Introduction to Statistics with R

9.1 Running Code and Outliers

Learning Objectives

Review simulation

Useful Functions

Use abs() to calculate absolute values.
Use mean() to calculate sample means.
Use round() to round your answers.
Use sd() to calculate standard deviations.

Introduction

The goal of this lab is to perform some simple calculations in R to get a sense of how outliers influence sample statistics. Work through this code, make sure you understand it, and use it to answer the questions for Lab Assignment 0.

First, because R uses a pseudorandom number generator we use set.seed() to set a seed so everyone gets the same results (this is important for getting the correct answer). Next, we generate random samples of size 10, 100, and 1000 from a bell-shaped distribution called the Normal distribution.

set.seed(5)
x10 <- rnorm(10)
x100 <- rnorm(100)
x1000 <- rnorm(1000)

Important: if you alter any of these variables, re-run this section of code in its entirety so you continue to get results that match the solutions.

We create variables that contain our random vectors above as well as an outlier (with value 10)

x11out <- c(x10, 10)
x101out <- c(x100, 10)
x1001out <- c(x1000, 10)

For this assignment, we supply you with code to answer the questions. You will use R to execute the code and provide the answers.

9.1.1 Sample means

Round all answers to 2 decimal places.

Calculate the mean of the sample of size 10.

round(mean(x10), 2)

Calculate the mean of the sample of size 100.

round(mean(x100), 2)

Calculate the mean of the sample of size 1000.

round(mean(x1000), 2)

Calculate the mean of the sample of size 11 (including 1 outlier).

round(mean(x11out), 2)

Calculate the mean of the sample of size 101 (including 1 outlier).

round(mean(x101out), 2)

Calculate the mean of the sample of size 1001 (including 1 outlier).

round(mean(x1001out), 2)

9.1.2 Absolute differences in sample means

Round all answers to 2 decimal places.

Calculate the absolute difference in the sample means between the sample of size 10 and the sample of size 11 (including 1 outlier).
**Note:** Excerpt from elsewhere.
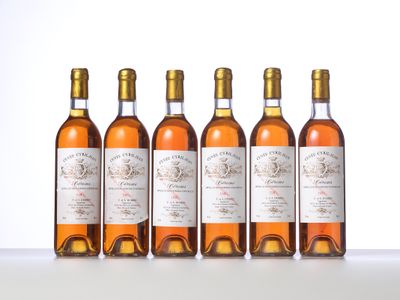 four bottles of wine are lined up on a table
round(abs(mean(x10) - mean(x11out)), 2)

Calculate the absolute difference in the sample means between the sample of size 100 and the sample of size 101 (including 1 outlier).

round(abs(mean(x100) - mean(x101out)), 2)

Calculate the absolute difference in the sample means between the sample of size 1000 and the sample of size 1001 (including 1 outlier).

round(abs(mean(x1000) - mean(x1001out)), 2)

9.1.3 Standard deviations

Round all answers to 2 decimal places.

Calculate the standard deviation of the sample of size 10.

round(sd(x10), 2)

Calculate the standard deviation of the sample of size 100.

round(sd(x100), 2)

Calculate the standard deviation of the sample of size 1000.

round(sd(x1000), 2)

Calculate the standard deviation of the sample of size 11 (including 1 outlier).

round(sd(x11out), 2)

Calculate the standard deviation of the sample of size 101 (including 1 outlier).

round(sd(x101out), 2)

Calculate the standard deviation of the sample of size 1001 (including 1 outlier).

round(sd(x1001out), 2)

9.1.4 Absolute differences in standard deviations

Round all answers to 2 decimal places.

Calculate the absolute difference in the sample means between the sample of size 10 and the sample of size 11 (including 1 outlier).

round(abs(sd(x10) - sd(x11out)), 2)

Calculate the absolute difference in the sample means between the sample of size 100 and the sample of size 101 (including 1 outlier).

round(abs(sd(x100) - sd(x101out)), 2)

Calculate the absolute difference in the sample means between the sample of size 1000 and the sample of size 1001 (including 1 outlier).

round(abs(sd(x1000) - sd(x1001out)), 2)

9.1.5 Effect of the outliers

What impact does an outlier have?
- There is no impact on the means, only on the standard deviations
- There is no impact on the standard deviations, only on the means
- There is an impact on both means and standard deviations that increases with sample size
- There is an impact on both means and standard deviations that decreases with sample size
- None of these